Why I Quit
I worked as an investment banking analyst, helping financial services and technology companies raise money and make strategic decisions. As a liberal arts major in college with business running through my blood, it was the perfect job for me right out of school. I wanted to learn as much as possible about the business world in the shortest amount of time, and there is no question investment banking is a great place to do that. I learned a ton.
“I think it’s wrong to think you’re necessarily going to learn the most by paying your dues. People who work at a big company aren’t engaged. That’s a slower trajectory. But if you’re young and jump in, sure you’re going to make a bunch of mistakes but you’re going to learn quickly.”
Mike Rothenberg, 28 year old who raised a $5mm seed fund while sleeping on couches last Summer
However, after a steep learning curve for the first 6-9 months, the job became repetitive. The long hours became increasingly painful as I didn’t feel like I was getting much out of the job besides a nice paycheck. To me, the most valuable part of any job, especially right out of school, is the learning opportunity.

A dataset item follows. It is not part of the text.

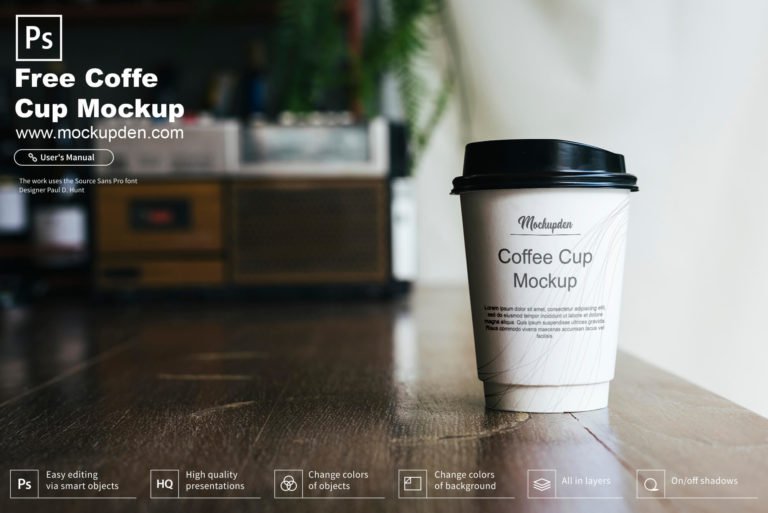 Free Coffee Cup On a Table Mockup PSD Template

That’s why I chose investment banking.
It’s also why I quit.
What I Told People (Including Myself)
I want to build my own apps. Coding is the ‘literacy of the 21st century.’ There are 25x more startups looking for engineers than business people. I want to be closer to the product.
How it Actually Went Down
In reality, I decided to learn to program because I thought it’d be a great way to break into the startup world. Startups are hot, and it’s hard to find a job as a biz dev / financial analyst. I figured it would be a good way to differentiate myself from all the other bankers and consultants. My plan was to move to NYC and learn coding basics for a month or two while looking for jobs. Worst case I figured I’d spend time learning SQL and position myself for a data analyst position.
So What Happened?
I didn’t stick to my plan. After meeting with potential employers and doing some ‘casual internships,’ I began to realize excel is excel, financial statements are financial statments, and while it’d likely be more fun analyzing numbers and data for a startup (and in a hoodie), it wasn’t going to be drastically different from what I just left.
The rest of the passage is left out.